++++ PROVIDED MATERIAL ++++

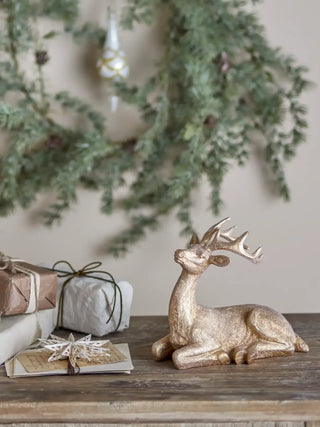 Decoratiebeeld polyresin goud Pranzer 22cm van Bloomingville, toegepast in een sfeervolle interieursetting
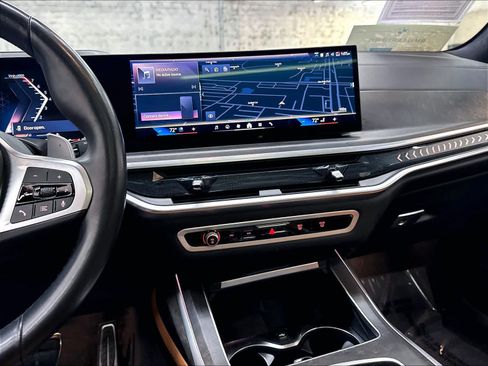 Used 2025 BMW X7 xDrive40i w/ M Sport Package AWD/4WD image 9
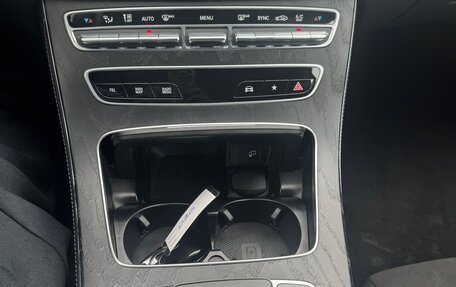 Mercedes-Benz E-Класс, 2021 год, 4 500 000 рублей, 23 фотография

++++

» WHAT NEEDS TO BE DONE: From the first line to the last, write out the data exactly, omitting any pictures.

» ANSWER FOR THE TASK:
 Decoratiebeeld polyresin goud Pranzer 22cm van Bloomingville, toegepast in een sfeervolle interieursetting
 Used 2025 BMW X7 xDrive40i w/ M Sport Package AWD/4WD image 9
 Mercedes-Benz E-Класс, 2021 год, 4 500 000 рублей, 23 фотография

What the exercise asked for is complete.